Exploring utilization of generative AI for research and education in data-driven materials science
Misawa, Takahiro, Koizumi, Ai, Tamura, Ryo, Yoshimi, Kazuyoshi
Generative AI has recently had a profound impact on various fields, including daily life, research, and education. To explore its efficient utilization in data-driven materials science, we organized a hackathon -- AIMHack2024 -- in July 2024. In this hackathon, researchers from fields such as materials science, information science, bioinformatics, and condensed matter physics worked together to explore how generative AI can facilitate research and education.
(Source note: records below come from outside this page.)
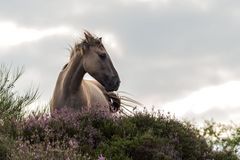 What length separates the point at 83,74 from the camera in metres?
15.9

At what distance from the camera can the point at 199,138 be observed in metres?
12.6

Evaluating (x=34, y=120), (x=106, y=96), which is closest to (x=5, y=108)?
(x=106, y=96)

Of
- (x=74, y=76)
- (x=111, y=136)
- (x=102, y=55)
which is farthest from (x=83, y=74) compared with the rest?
(x=111, y=136)

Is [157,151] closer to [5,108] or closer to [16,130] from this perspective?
[16,130]

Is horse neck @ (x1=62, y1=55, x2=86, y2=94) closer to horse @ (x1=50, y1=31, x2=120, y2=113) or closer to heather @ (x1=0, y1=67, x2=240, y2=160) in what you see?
horse @ (x1=50, y1=31, x2=120, y2=113)

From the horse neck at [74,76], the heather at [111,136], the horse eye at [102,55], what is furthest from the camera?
the horse neck at [74,76]

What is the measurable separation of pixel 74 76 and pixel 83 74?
246 mm

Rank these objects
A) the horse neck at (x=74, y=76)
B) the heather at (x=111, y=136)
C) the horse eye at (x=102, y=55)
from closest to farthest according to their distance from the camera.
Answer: the heather at (x=111, y=136) < the horse eye at (x=102, y=55) < the horse neck at (x=74, y=76)

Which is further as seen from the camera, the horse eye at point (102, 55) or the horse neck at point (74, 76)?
the horse neck at point (74, 76)

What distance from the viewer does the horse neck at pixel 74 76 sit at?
15656mm

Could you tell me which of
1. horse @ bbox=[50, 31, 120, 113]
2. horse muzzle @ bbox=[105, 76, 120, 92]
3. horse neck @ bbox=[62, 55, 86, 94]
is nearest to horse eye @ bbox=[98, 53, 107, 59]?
horse @ bbox=[50, 31, 120, 113]

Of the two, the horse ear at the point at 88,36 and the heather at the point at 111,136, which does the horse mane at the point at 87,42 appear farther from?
the heather at the point at 111,136

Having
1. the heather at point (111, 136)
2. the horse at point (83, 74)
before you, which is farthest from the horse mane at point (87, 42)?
the heather at point (111, 136)

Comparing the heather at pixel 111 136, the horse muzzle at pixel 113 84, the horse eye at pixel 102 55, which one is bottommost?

Based on the results of the hackathon, this paper presents topics related to (1) conducting AI-assisted software trials, (2) building AI tutors for software, and (3) developing GUI applications for software. While generative AI continues to evolve rapidly, this paper provides an early record of its application in data-driven materials science and highlights strategies for integrating AI into research and education.